“Why can’t we have nice things?”
This question begins The Sum of Us, by Heather McGhee, and each subsequent chapter provides a piece of the answer.
The “nice things” that those of us who live in the United States can’t have, are adequately funded schools, wages that keep people out of poverty, and a reliable infrastructure—just to name a few. And the main reason we can’t have a nice things, according to McGhee, is because white people have bought into the false narrative that racism is a zero-sum game, such that if something is good for people of color, it must be bad for white people; and therefore, even if it means acting against their own best interests, they will consistently support policies, programs, and legislation that they think will not privilege people of color—even if makes things worse for them as well.

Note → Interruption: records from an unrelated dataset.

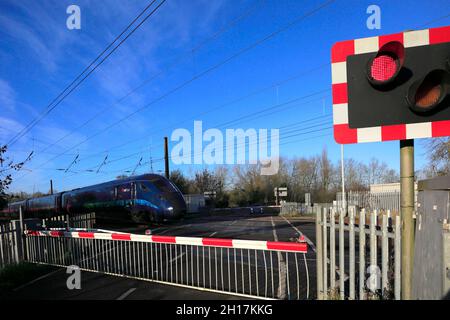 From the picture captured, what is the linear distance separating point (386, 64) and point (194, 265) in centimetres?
691

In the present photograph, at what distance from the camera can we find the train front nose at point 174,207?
62.8ft

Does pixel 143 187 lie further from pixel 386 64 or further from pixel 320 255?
pixel 386 64

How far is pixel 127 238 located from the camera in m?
7.06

Early on in the book, McGhee describes her realization that stories are what matter—the stories we tell about ourselves, and the stories we believe about others. Thus, she writes, “Laws are merely expressions of a society’s dominant beliefs. It’s the beliefs that must shift in order for outcomes to change” [xviii]. Specifically, the belief that must change is the idea that “increases in racial minorities’ status will reduce white Americans’ status” [xviii]. Because the reality is, racism gets in the way of all of us having nice things. [And, as an aside, I couldn’t agree more with her point about stories….]
For this reason, McGhee wrote this book: to “piece together a new story of who we could be to one another, and to glimpse the new America we must create for the sum of us” [xxiii].

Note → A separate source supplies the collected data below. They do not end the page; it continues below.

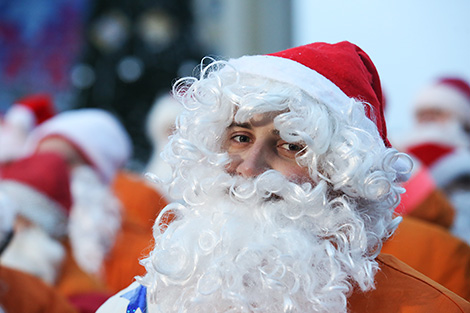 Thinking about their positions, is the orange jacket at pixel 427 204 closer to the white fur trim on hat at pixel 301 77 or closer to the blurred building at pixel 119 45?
the white fur trim on hat at pixel 301 77

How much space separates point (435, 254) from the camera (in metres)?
3.71

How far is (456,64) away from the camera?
7.07 metres

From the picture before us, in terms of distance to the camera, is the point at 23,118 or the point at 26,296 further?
the point at 23,118

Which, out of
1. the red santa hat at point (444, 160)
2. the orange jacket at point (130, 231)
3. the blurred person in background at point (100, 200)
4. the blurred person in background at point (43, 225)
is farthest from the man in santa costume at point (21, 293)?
the red santa hat at point (444, 160)

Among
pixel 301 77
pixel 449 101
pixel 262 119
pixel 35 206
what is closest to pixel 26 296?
pixel 35 206

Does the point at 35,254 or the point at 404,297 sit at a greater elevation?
the point at 404,297

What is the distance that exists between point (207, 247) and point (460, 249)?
2.11 metres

So, after she details this zero-sum game narrative in the first chapter, the subsequent chapters describe how this plays out concretely, using a wide variety of examples: college tuition, labor unions, climate change, K-12 education, etc., etc. In each chapter, she details how, again and again, white people vote and act against their own self-interests from the inaccurate belief that to protect their own status, they must challenge and resist policies and laws that could support the betterment of people of color. So, for example, she describes the increase in voter suppression laws in order to prevent a “thriving, multiracial democracy.”
In another example, she writes:
“In order to chase these so-called good schools, white families must be able and willing to stretch their budgets to live in increasingly expensive, and segregated, communities. These white parents are paying for their fear because they’re assuming that white-dominant schools are worth the cost to their white children; essentially, that segregated schools are best. But what if the entire logic is wrong? What if they’re not only paying too high a cost for segregation, but they’re also mistaken about the benefit? Here’s where things get interesting. Compared to students at predominantly white schools, white students who attend diverse K-12 schools achieve better learning outcomes and even higher test scores, particularly in areas such as math and science. Why?…their minds are improved when it comes to critical thinking and problem solving. Exposure to multiple viewpoints leads to more flexible and creative thinking and greater ability to solve problems” [181].
But for me, the most vivid example of this counter-intuitive thinking comes in chapter 2, when she describes all of the white communities who chose to drain and fill in their public pools in the 1950s and 1960s, rather than integrate them. One particularly stark example is Oak Park in Montgomery, Alabama. In this large, lush [and whites-only] park, there was a beautiful public pool, and even a zoo. When the segregation of the park was no longer legally possible, they drained the pool and paved it over, and sold off the animals and closed the zoo. In fact, the entire public park system in Montgomery was closed for over a decade [25]. In essence, to keep black children from having access to a public pool, they made sure that no one, no children had access to a public pool.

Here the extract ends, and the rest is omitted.